▶ [ACTION ITEM]
Leave every picture out and print exactly the lines that run from the one containing "Men Belts |" to the end of the listing.

▶ [RECORDED DATA]
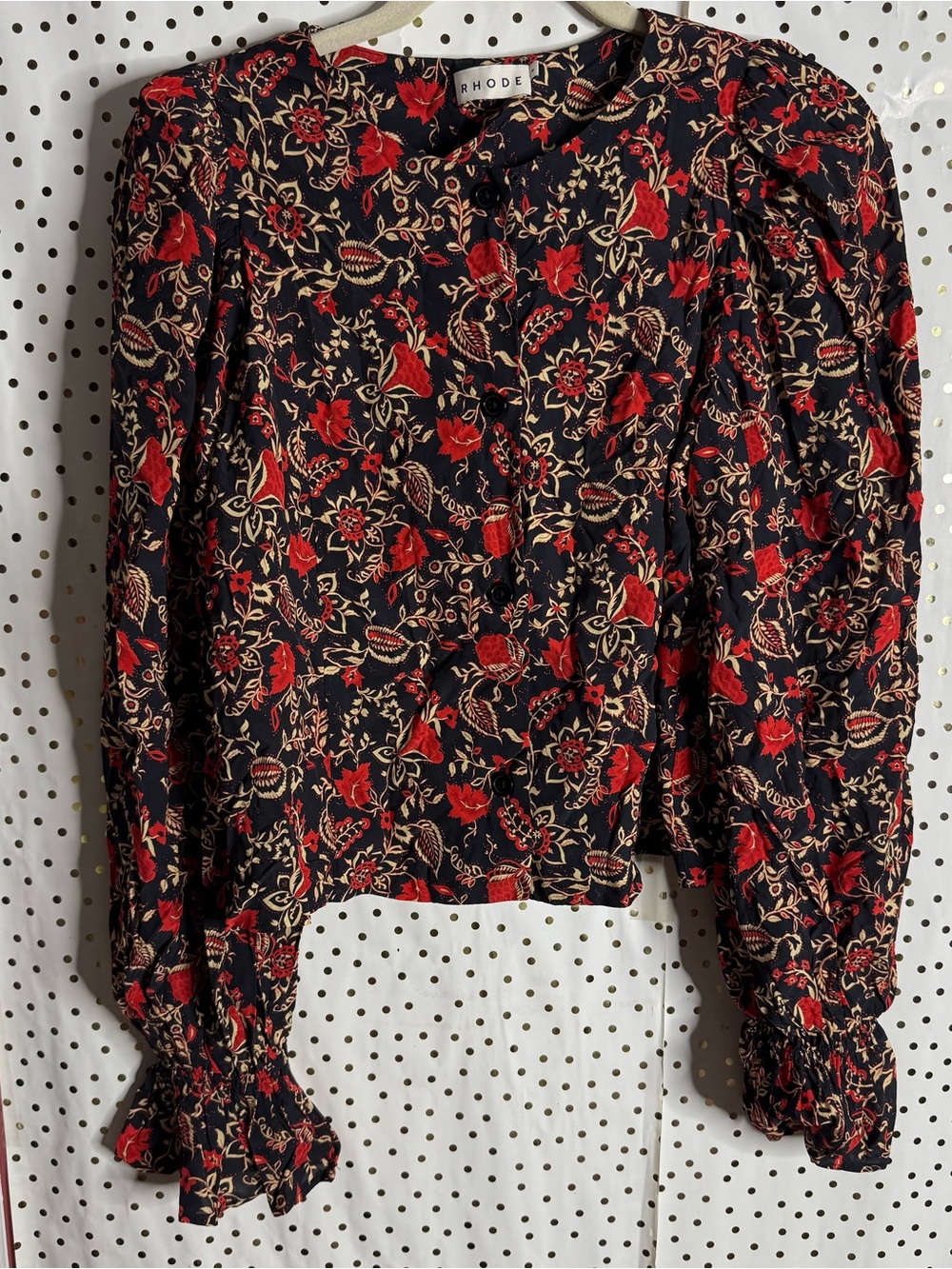 RHODE Black Blouse with Red & Tan Floral Print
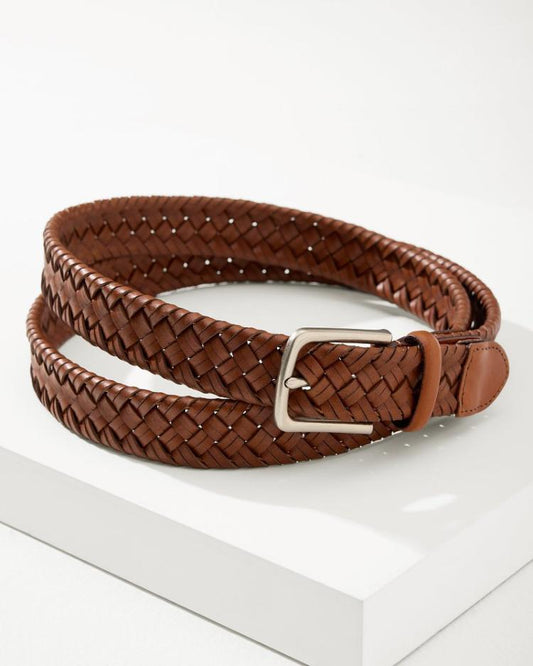 Men Belts | Tommy Bahama Stretch Braid Belt Tan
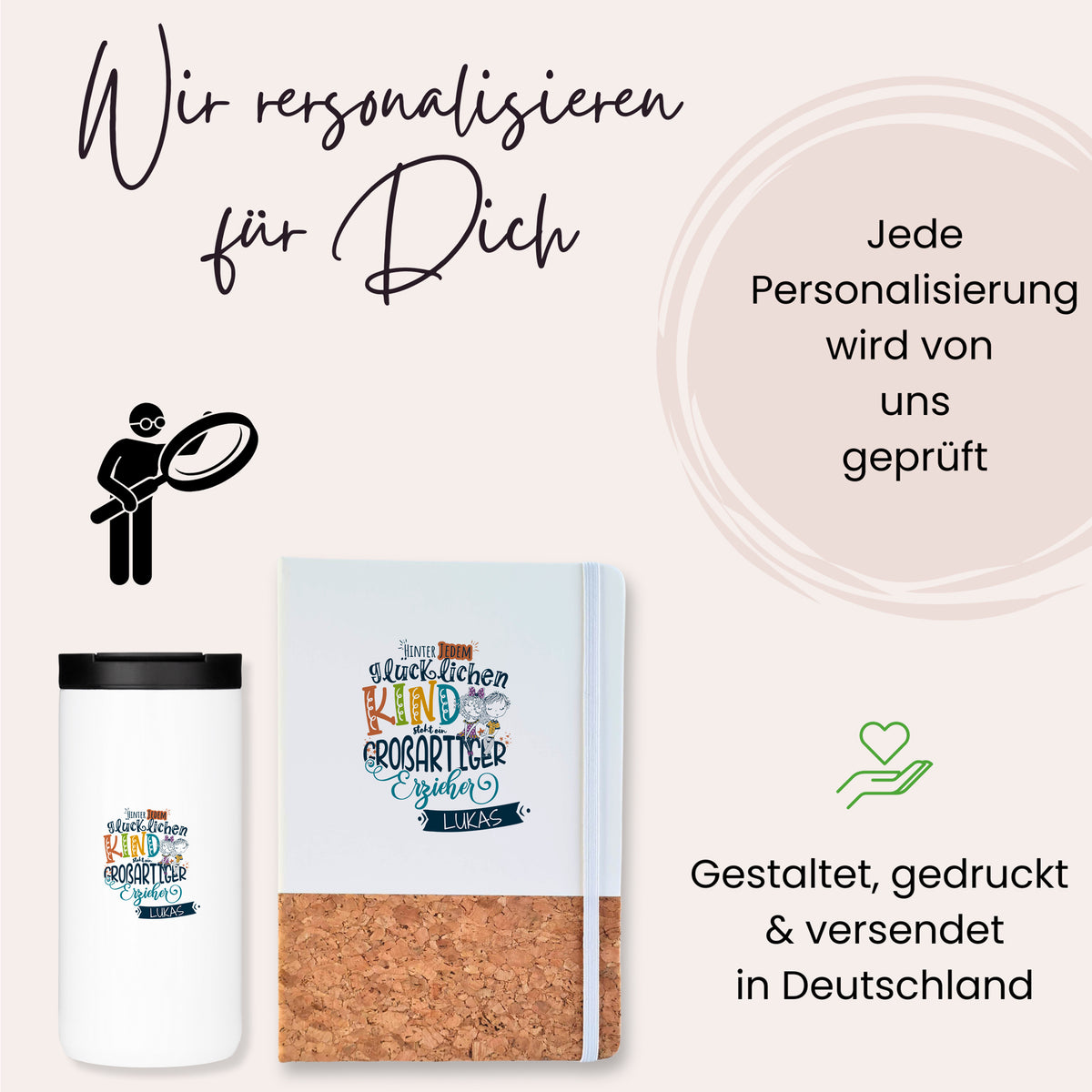 Personalisierte Tasse und Notizbuch in Weiß und Kork.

▶ [ANSWER TO THIS TASK]
 Men Belts | Tommy Bahama Stretch Braid Belt Tan
 Personalisierte Tasse und Notizbuch in Weiß und Kork.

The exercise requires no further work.